Using Word-Aligned Hybrid to directly query compressed data

While bitwise logical operations can drastically improve query runtime performance, bitmap indices require double the amount of space over the minimum two bits per genotype. To address this issue we can look to compressing that data. While genotype data can be compressed with standard run-length encoding, bitwise logical operations require that the bits associated with variants must be aligned, which is difficult to ensure with run-length encoding (RLE). Instead we used the Word Aligned Hybrid (WAH) encoding strategy, which represents run length in words not in bits. RLE encodes stretches of identical values (“runs”) to a new value where the first bit indicates the run value and the remaining bits give the number of bits in the run (Supplementary Fig. 4a). WAH is similar to RLE, except that it uses two different types of values. The “fill” type encodes runs of identical values, and the “literal” type encodes uncompressed binary (Supplementary Fig. 4a). This hybrid approach address an inefficiency in RLE where short runs map to larger encoded values. The first bit in a WAH value indicates whether it is a fill (1) or literal (0). For a fill, the second bit gives the run value and the remaining bits give the run length in words (not bits, like in RLE). For a literal, the remaining bits directly encode the uncompressed input. Since each WAH-encoded value represents some number of words, and bitwise logical operations are performed between words, these operation can be performed directly on compressed values.

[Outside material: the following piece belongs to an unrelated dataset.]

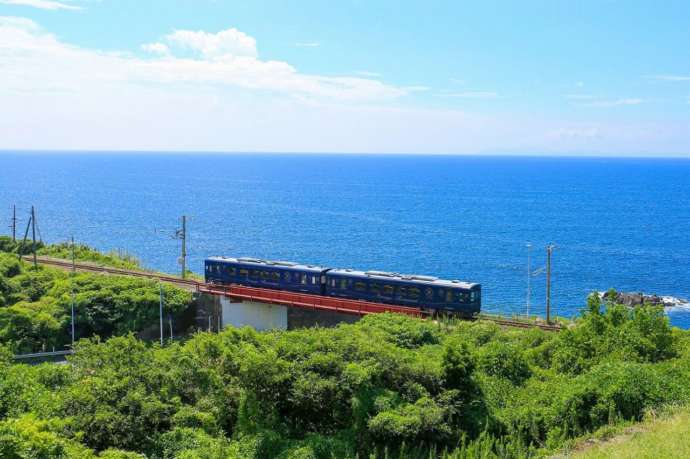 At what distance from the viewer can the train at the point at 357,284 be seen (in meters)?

The algorithm that performs bitwise logical operations is straightforward (Supplementary Fig. 4b). To operate on two uncompressed bit arrays we simply move in unison between the two arrays from the first to last word, and find the result of each pair of words. Since each WAH value encodes one or more words, we need to move across each WAH array independently. At each step we track the number of words that have been considered in the current value and only move to the next word once the words have been exhausted. Bitwise logical operations improve the performance of most queries by computing many genotype comparisons in parallel, but some higher-level queries cannot be resolved with these operations alone.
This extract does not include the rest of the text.